Set down every entry again word for word, please, but skip the pictures.
Segment Start: ENTRIES PROVIDED
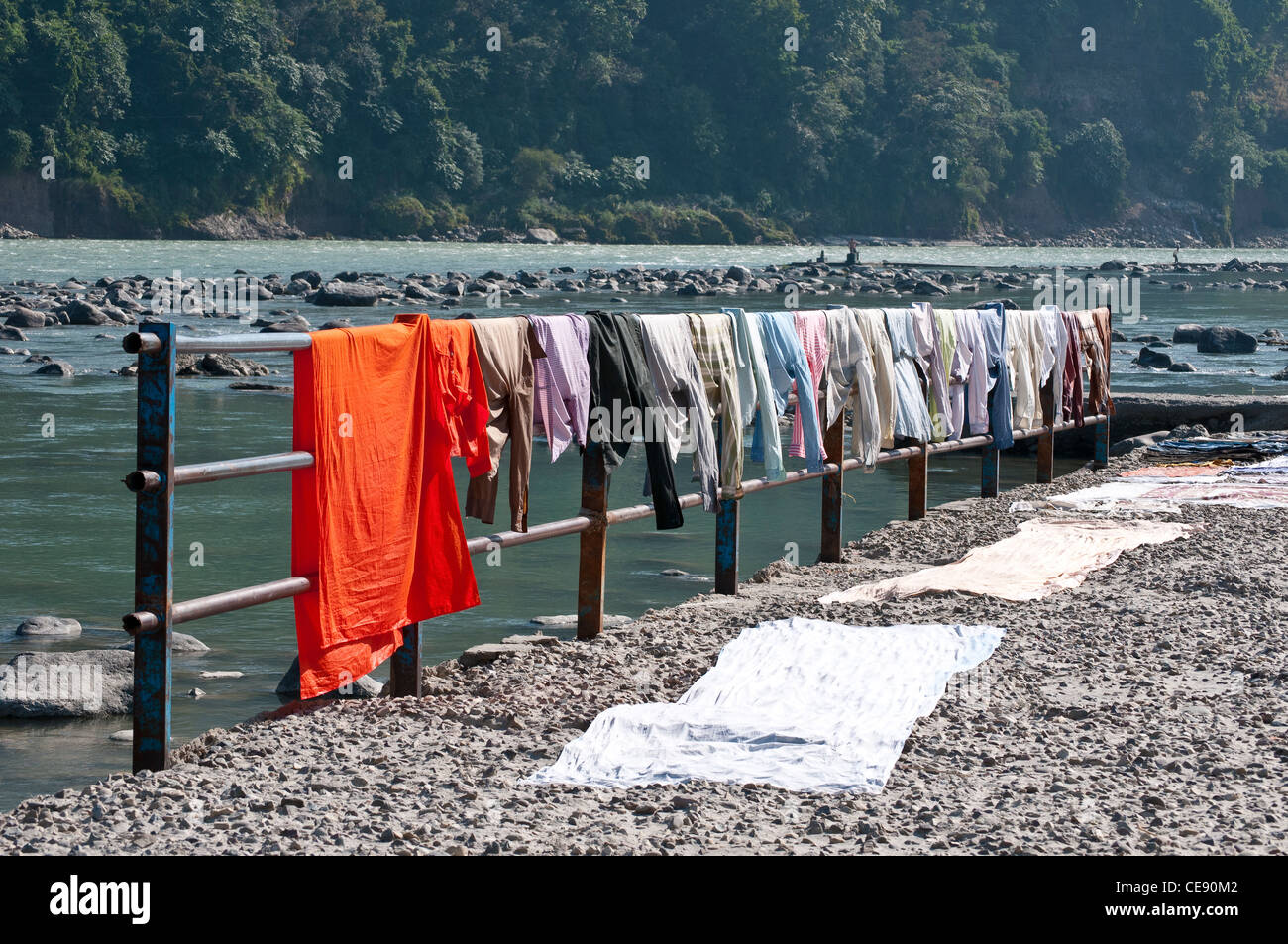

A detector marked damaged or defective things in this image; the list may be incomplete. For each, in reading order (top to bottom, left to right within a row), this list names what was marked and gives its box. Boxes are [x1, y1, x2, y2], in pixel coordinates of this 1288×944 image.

rusty metal post [131, 320, 176, 767]
rusty metal post [580, 440, 607, 633]
rusty metal post [818, 412, 849, 559]
rusty metal post [907, 440, 926, 515]
rusty metal post [388, 623, 419, 695]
Segment End: ENTRIES PROVIDED
REPLY TO THE EXERCISE:
A detector marked damaged or defective things in this image; the list may be incomplete. For each, in reading order (top to bottom, left to right within a row), this list names what was marked and gives its box. Boxes are [x1, y1, x2, y2], in pixel coordinates of this 1288×944 image.

rusty metal post [131, 320, 176, 767]
rusty metal post [580, 440, 607, 633]
rusty metal post [818, 412, 849, 559]
rusty metal post [907, 440, 926, 515]
rusty metal post [388, 623, 419, 695]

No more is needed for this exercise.